Des règles spécifiques à la RTT
En principe, confronté au refus d'un salarié d'accepter une modification de son contrat, l'employeur peut soit revenir sur sa décision, soit engager une procédure de licenciement, dans la mesure, bien entendu, où la modification projetée repose sur une cause réelle et sérieuse de licenciement. Selon les circonstances, celui-ci peut être prononcé, soit pour un motif personnel, soit pour un motif économique.
Dans l'hypothèse d'une RTT organisée par un accord collectif, le législateur, prenant en compte la finalité de la réduction du temps de travail (lutter contre le chômage), a prévu une qualification spécifique du licenciement.
  • Un licenciement personnel en principe
Aux termes du nouvel article L.212-3, " lorsqu'un ou plusieurs salariés refusent une modification de leur contrat de travail en application d'un accord de réduction de la durée du travail, leur licenciement est un licenciement individuel ne reposant pas sur un motif économique ". Il est soumis aux dispositions des articles L.122-14 à L.122-17 du code du travail.
Seule la procédure relative au licenciement prononcé pour un motif personnel est donc applicable.
  • Dans certains cas, un licenciement économique
Dans l'hypothèse où la réduction du temps de travail serait mise en oeuvre unilatéralement par le chef d'entreprise comme il en a la faculté dans le cadre de la semaine ou du mois, le licenciement devrait, si l'on s'en tient à la lecture de l'article L.321-1 qui définit le licenciement économique, revêtir ce caractère.
Il faut alors en conclure que la procédure du licenciement économique, éventuellement collectif, devra être respectée. Les formalités de consultation des représentants du personnel, d'information de l'administration et de proposition de convention de conversion devront notamment être effectuées.

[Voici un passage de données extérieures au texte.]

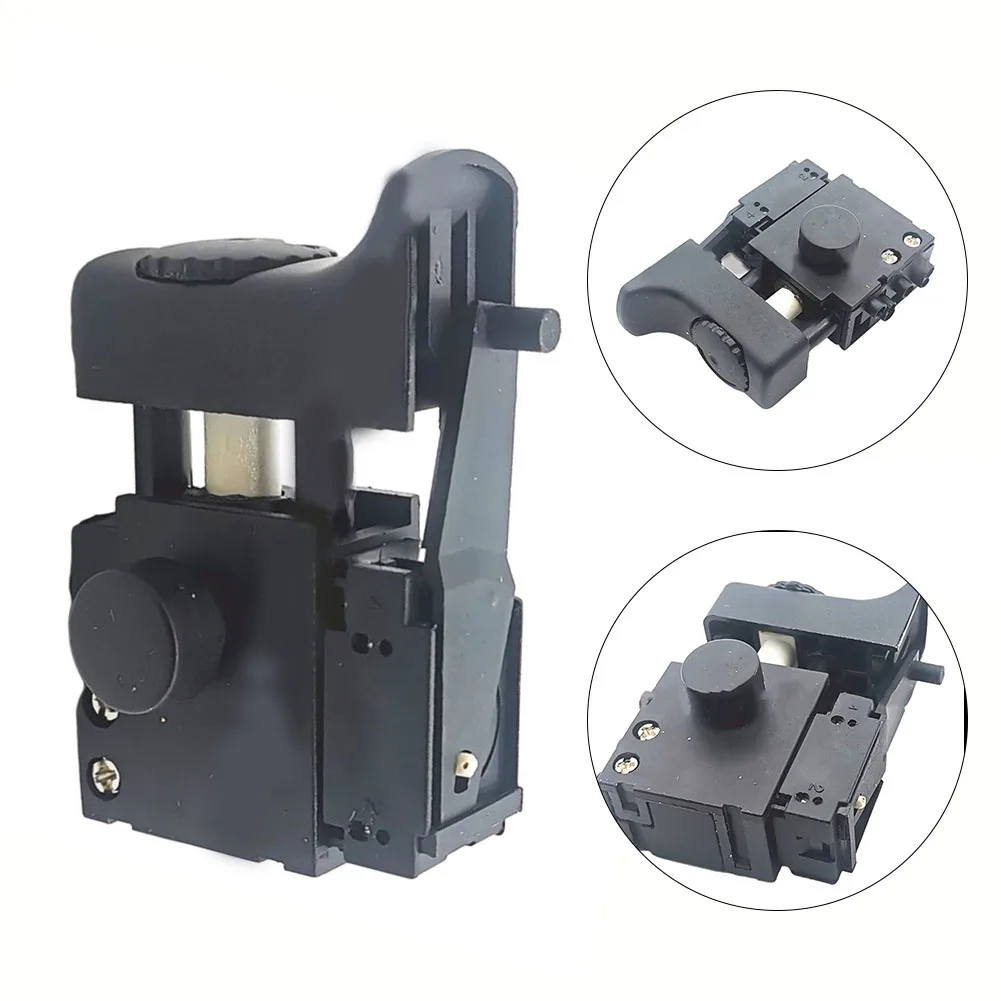 Electric Drill Speed Control Switch Replace For 321632 D10VH D10VC2 DV16V FDV16VB2 For Power Tool Accessories
Electric Drill Speed Control Switch Replace For 321632 D10VH D10VC2 DV16V FDV16VB2 For Power Tool Accessories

La légitimité du licenciement

Que le licenciement soit considéré comme personnel ou économique, la légitimité de la rupture est régie par les règles du droit commun. L'employeur doit donc invoquer une cause réelle et sérieuse de licenciement qui ne peut pas résider dans le refus du salarié. Rappelons, à cet égard, que lors de la discussion de la première " loi Aubry " du 13 juin 1998, le ministre avait considéré que " la conclusion d'un accord collectif préalablement à la mise en oeuvre de la réduction du temps de travail est un élément qui contribue à établir la légitimité de la modification du contrat de travail proposée par l'employeur et, par voie de conséquence, celle du licenciement prononcé en cas de refus du salarié " (rapport 306 de la commission des Affaires sociales du Sénat, p. 120).


Cas des salariés à temps partiel

Les salariés à temps partiel ne sont pas juridiquement concernés par la durée de travail collective en vigueur dans l'entreprise. Des règles particulières concernant leur rémunération sont prévues par la loi en cas de RTT accompagnée d'une compensation salariale.

La loi n'impose pas la réduction de leurs horaires
Une réduction collective de la durée du travail ne peut donc pas avoir d'incidence immédiate sur leur statut, quand bien même celle-ci serait prévue par un accord collectif.